Activity: Within the records below, repeat each line exactly but keep every picture out of the copy.

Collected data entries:

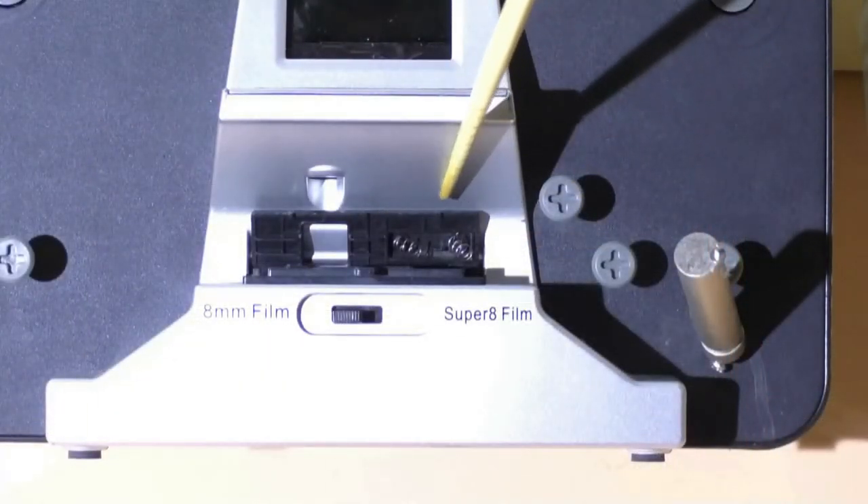Behind this press plate are just two screws. Whatever you do, do not remove these two screws, because the springs come flying out and it is a lot harder putting those springs back in than it looks. You shouldn't have to adjust these two screws at all — they are set in the factory.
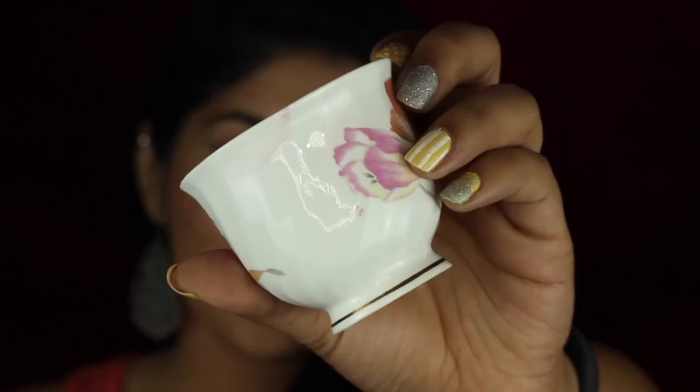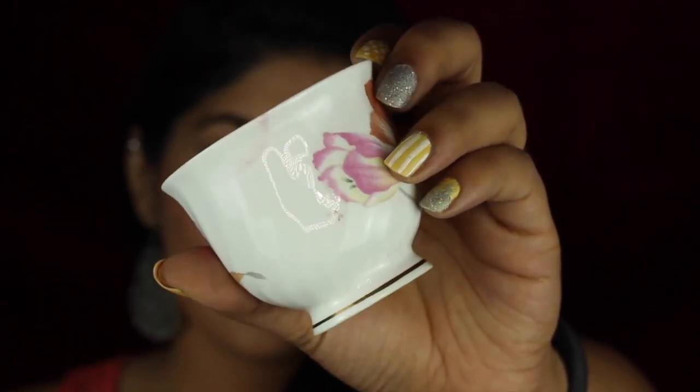Another positive is that these lipsticks don't transfer that much. During the transfer test I was quite surprised — only a very little amount transferred, which is excellent. Everyone wants a transfer-proof lipstick, especially for summers.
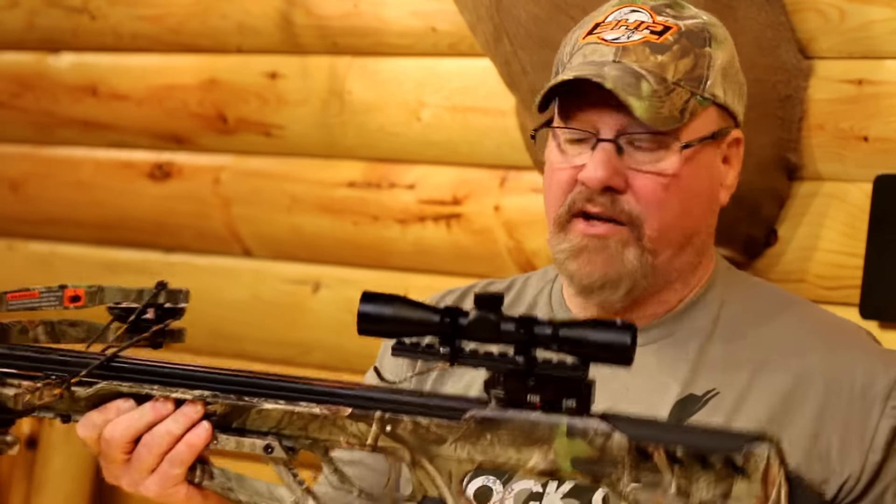We just got done shooting the Tormentor from Centerpoint. At 370 feet per second, it's shooting pretty fast and very accurate. I like how fast it is and how light it is with this composite stock.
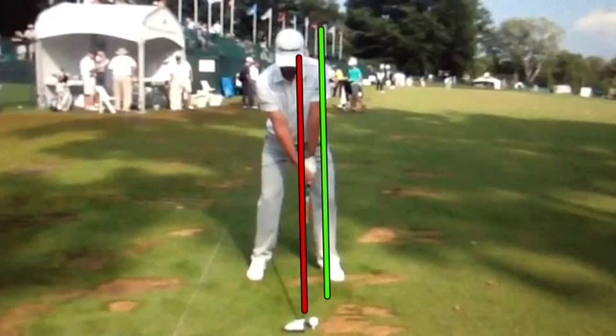This is something that as a setup, for a lot of you players, this can help the weight shift happen a little more easily. If you fan that left toe open a little bit, you're going to be able to get through the ball and shift your weight onto that front foot at impact — that's imperative.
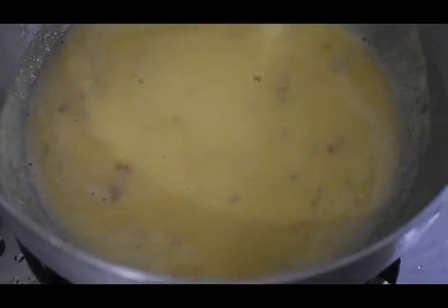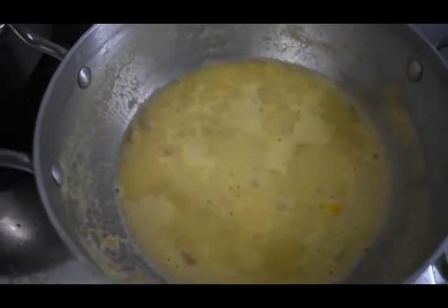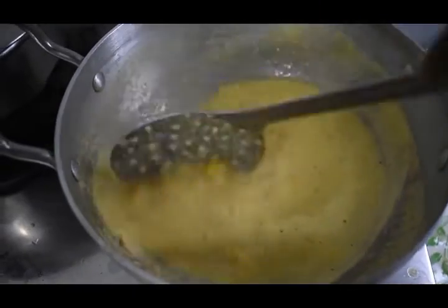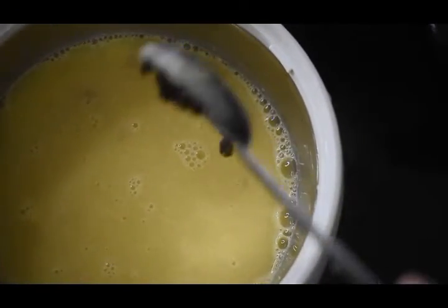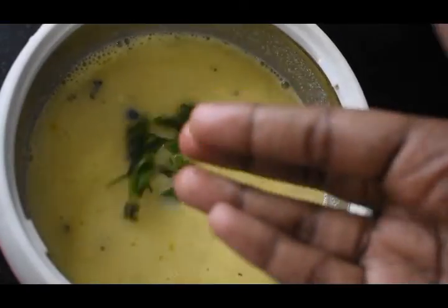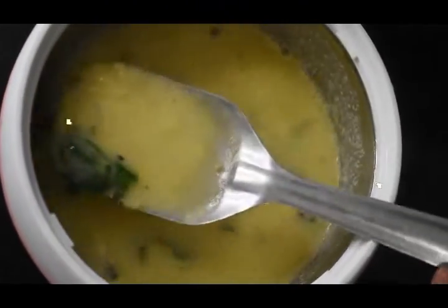If you guys try it, the taste is amazing. Now let's add some salt and mix it in. Finally, let's add some coriander to finish the soup.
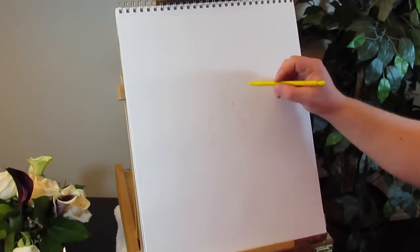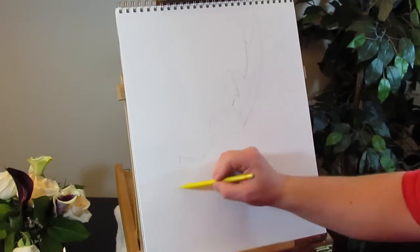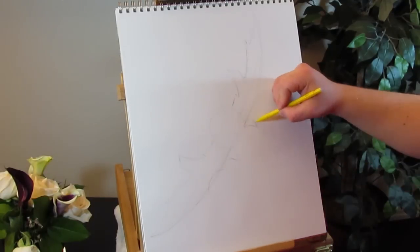Hi there, guys. I'll be drawing a Warglaive of Azzinoth from World of Warcraft. This took about 15 minutes or so. I used a mechanical pencil. Hope you enjoy.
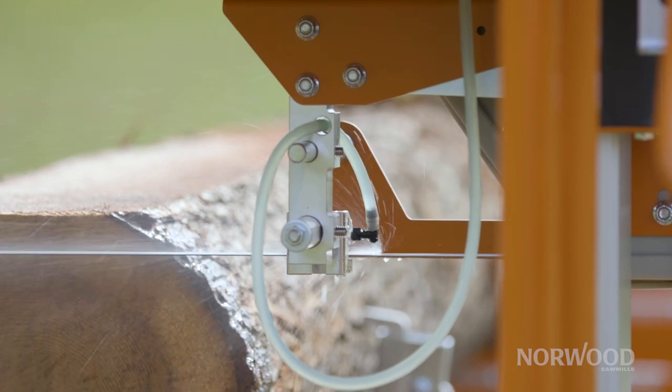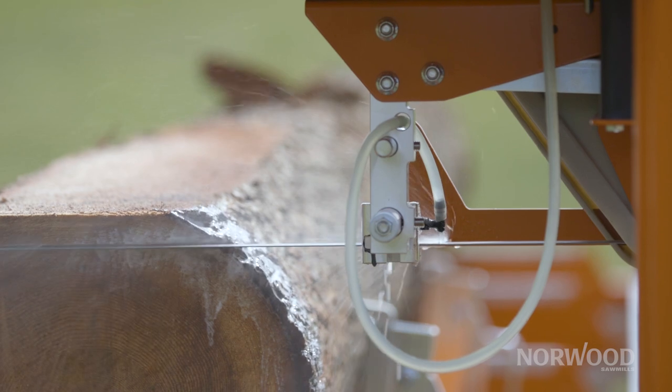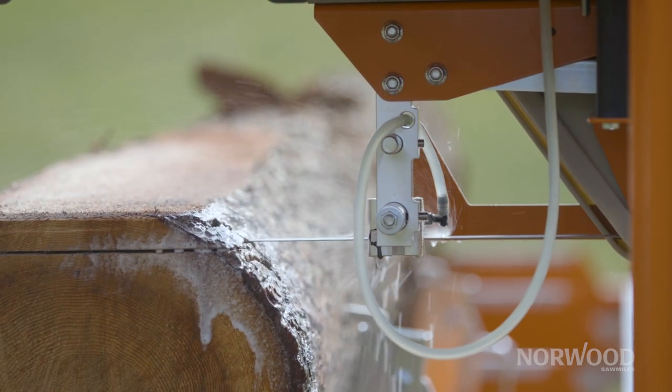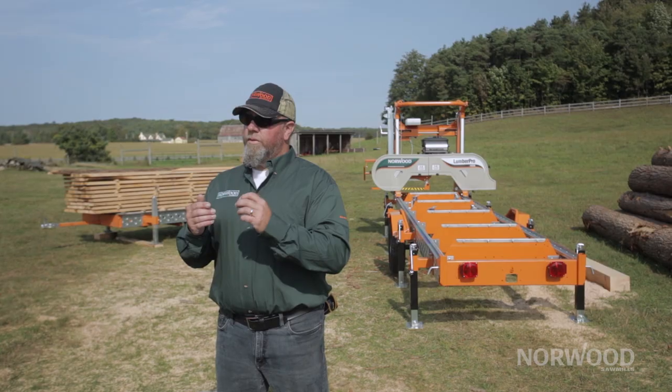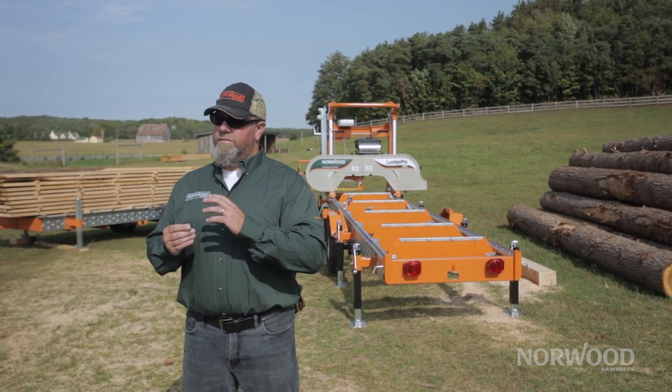What this is is a device that the water travels through that has a pinch valve on it. When you're milling and you're on the throttle, the water — or whatever you're using for lubricant — is flowing, and when you're off the throttle it's no longer flowing.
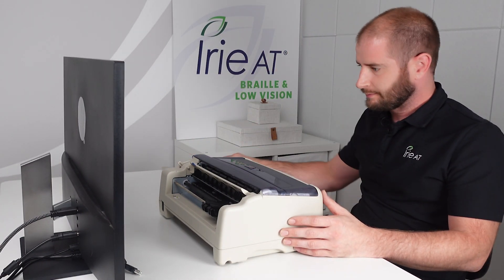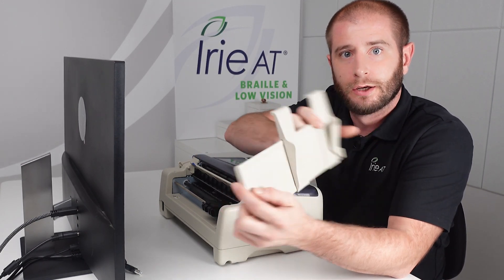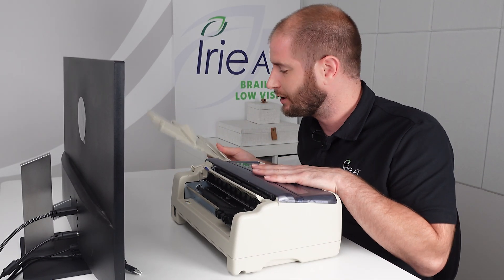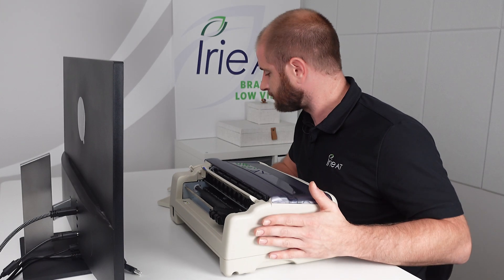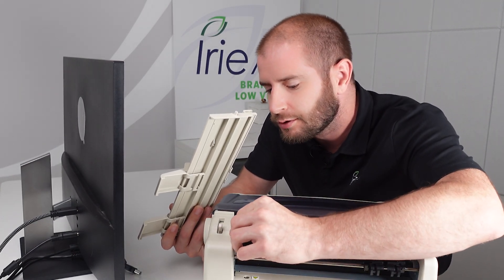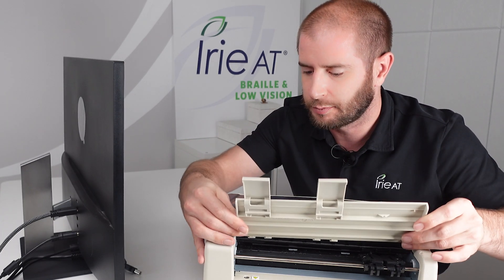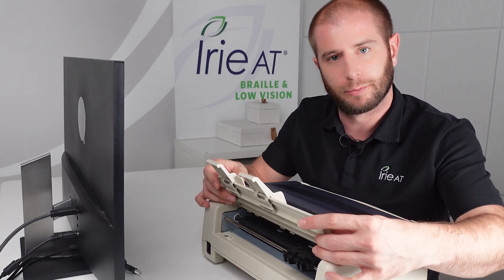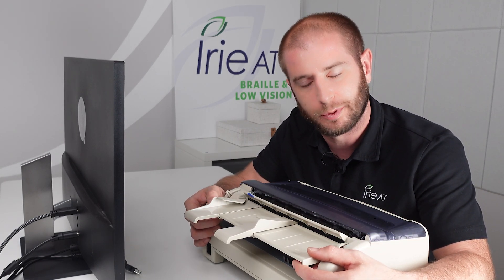The last thing that came included, that's loose, is the paper tray. This serves two purposes for the BrailleBuddy — it's for both tractor fed and cut sheet paper, which is one of the neat things about the BrailleBuddy. We're going to install this tray now. You'll notice there are a couple of grooves and knobs on the back of it and it will slide into place and lock in. The upright position is for cut sheet paper; the downward position is for tractor fed paper.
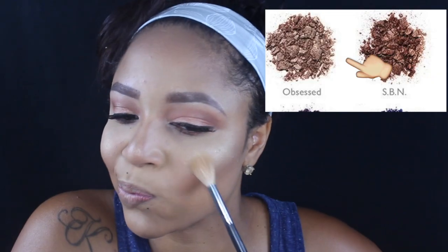I'm using her Becca palette and taking the color Amaretto, putting it all over my cheeks for blush. I'm also taking some Fix Plus and my Morphe M310 — which Jaclyn put me on to — and applying Champagne Pops so these cheeks can be popping.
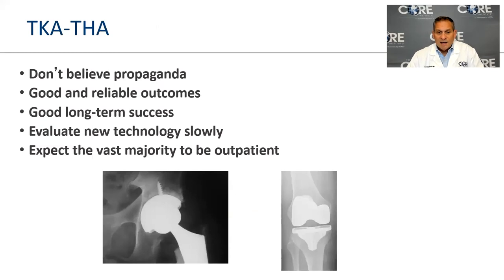Hip and knee replacements are wonderful operations. Don't believe the propaganda — if it sounds too good to be true, it probably is. You can have a good, reliable outcome if you maximize your potential ahead of time, stay well informed, and plan carefully. Evaluate new technology with appropriate caution. The vast majority of surgery moving forward will be outpatient. When you're done, your joint will be more stable, it will hurt initially, but your best and safest environment for recovery is absolutely at home.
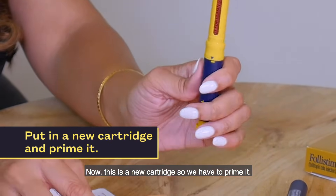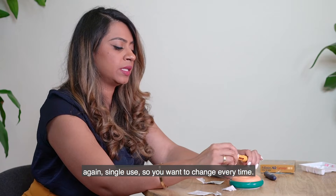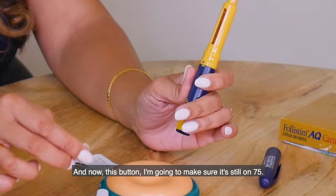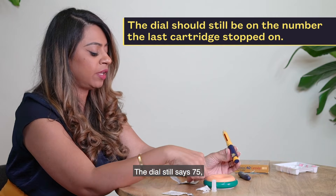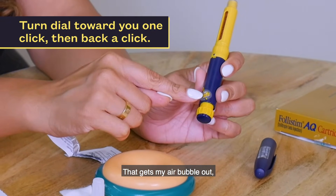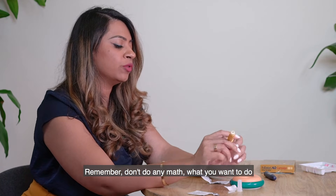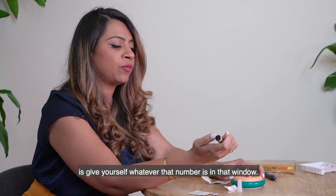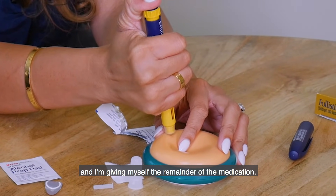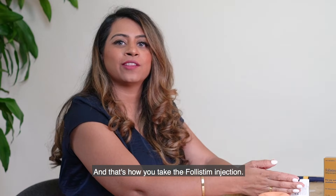Make sure your shapes match up. Since this is a new cartridge, you have to prime it. Clean the top off with alcohol and take a new needle — needles are single use, so change every time. Take off the cap and the inner safety cap. The dial should still say 75, so turn it towards you one click and back one click to prime and remove the air bubble — it returns to 75. Now give yourself the remainder of the medication: pinch, go in at a 90-degree angle, and inject. When you take the pen out, the dial should say zero, meaning you've received everything. And that's how you take the Follistim injection.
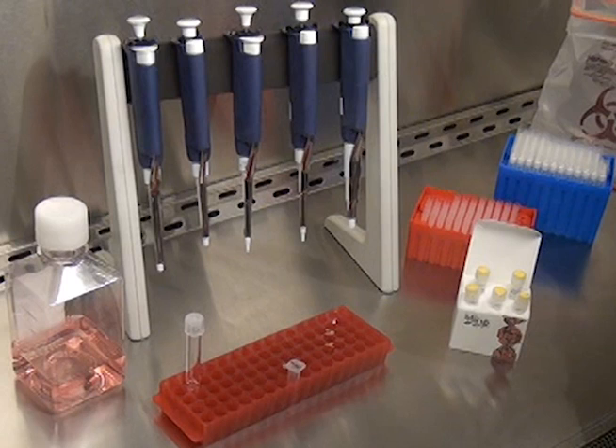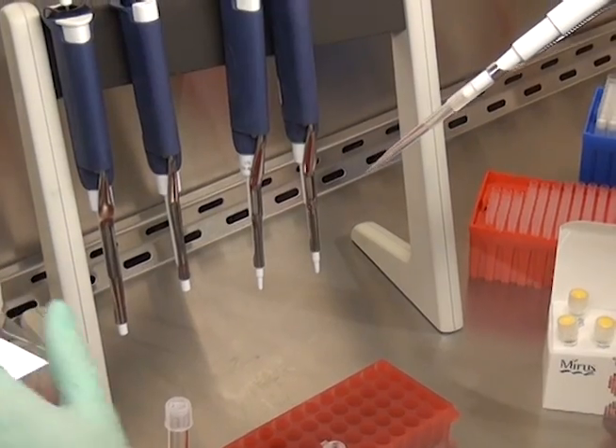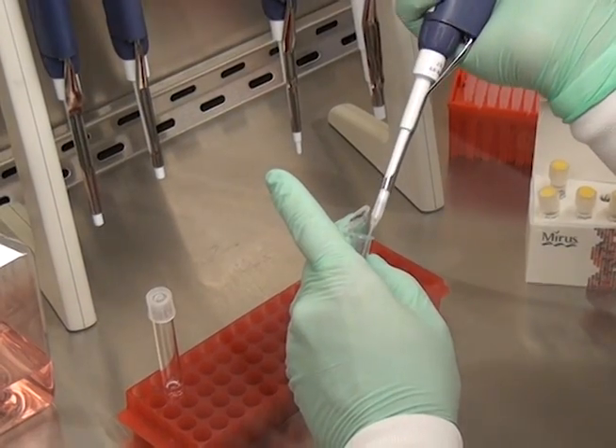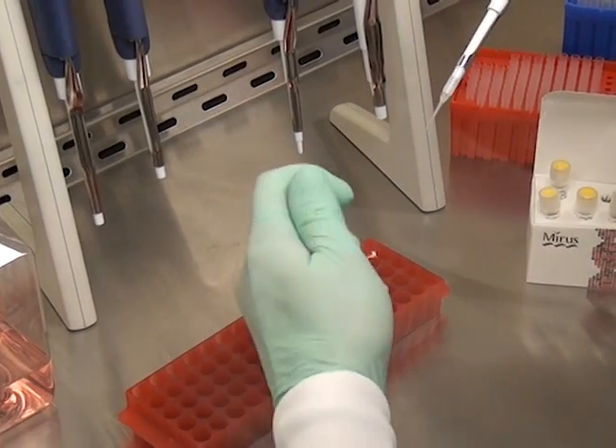The most important step in the procedure is the formation of the transfection complex. I will prepare the transfection complex in the tissue culture laminar flow hood. First, pipette 500 microliters of Serum Free Medium OptiMEM into a sterile polystyrene tube. Next, add 5 micrograms of purified DNA into the OptiMEM mix.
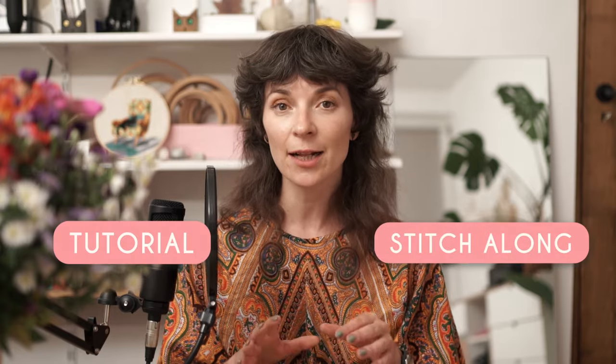I'm not completely sure how to call this whole thing — is this a tutorial or a stitch along? I would appreciate your help. Just drop a comment below and write the word 'stitch along' or 'tutorial' and that will help me to create better content for you.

Exercise output:
Behind this press plate are just two screws. Whatever you do, do not remove these two screws, because the springs come flying out and it is a lot harder putting those springs back in than it looks. You shouldn't have to adjust these two screws at all — they are set in the factory.
Another positive is that these lipsticks don't transfer that much. During the transfer test I was quite surprised — only a very little amount transferred, which is excellent. Everyone wants a transfer-proof lipstick, especially for summers.
We just got done shooting the Tormentor from Centerpoint. At 370 feet per second, it's shooting pretty fast and very accurate. I like how fast it is and how light it is with this composite stock.
This is something that as a setup, for a lot of you players, this can help the weight shift happen a little more easily. If you fan that left toe open a little bit, you're going to be able to get through the ball and shift your weight onto that front foot at impact — that's imperative.
If you guys try it, the taste is amazing. Now let's add some salt and mix it in. Finally, let's add some coriander to finish the soup.
Hi there, guys. I'll be drawing a Warglaive of Azzinoth from World of Warcraft. This took about 15 minutes or so. I used a mechanical pencil. Hope you enjoy.
What this is is a device that the water travels through that has a pinch valve on it. When you're milling and you're on the throttle, the water — or whatever you're using for lubricant — is flowing, and when you're off the throttle it's no longer flowing.
The last thing that came included, that's loose, is the paper tray. This serves two purposes for the BrailleBuddy — it's for both tractor fed and cut sheet paper, which is one of the neat things about the BrailleBuddy. We're going to install this tray now. You'll notice there are a couple of grooves and knobs on the back of it and it will slide into place and lock in. The upright position is for cut sheet paper; the downward position is for tractor fed paper.
I'm using her Becca palette and taking the color Amaretto, putting it all over my cheeks for blush. I'm also taking some Fix Plus and my Morphe M310 — which Jaclyn put me on to — and applying Champagne Pops so these cheeks can be popping.
Hip and knee replacements are wonderful operations. Don't believe the propaganda — if it sounds too good to be true, it probably is. You can have a good, reliable outcome if you maximize your potential ahead of time, stay well informed, and plan carefully. Evaluate new technology with appropriate caution. The vast majority of surgery moving forward will be outpatient. When you're done, your joint will be more stable, it will hurt initially, but your best and safest environment for recovery is absolutely at home.
Make sure your shapes match up. Since this is a new cartridge, you have to prime it. Clean the top off with alcohol and take a new needle — needles are single use, so change every time. Take off the cap and the inner safety cap. The dial should still say 75, so turn it towards you one click and back one click to prime and remove the air bubble — it returns to 75. Now give yourself the remainder of the medication: pinch, go in at a 90-degree angle, and inject. When you take the pen out, the dial should say zero, meaning you've received everything. And that's how you take the Follistim injection.
The most important step in the procedure is the formation of the transfection complex. I will prepare the transfection complex in the tissue culture laminar flow hood. First, pipette 500 microliters of Serum Free Medium OptiMEM into a sterile polystyrene tube. Next, add 5 micrograms of purified DNA into the OptiMEM mix.
I'm not completely sure how to call this whole thing — is this a tutorial or a stitch along? I would appreciate your help. Just drop a comment below and write the word 'stitch along' or 'tutorial' and that will help me to create better content for you.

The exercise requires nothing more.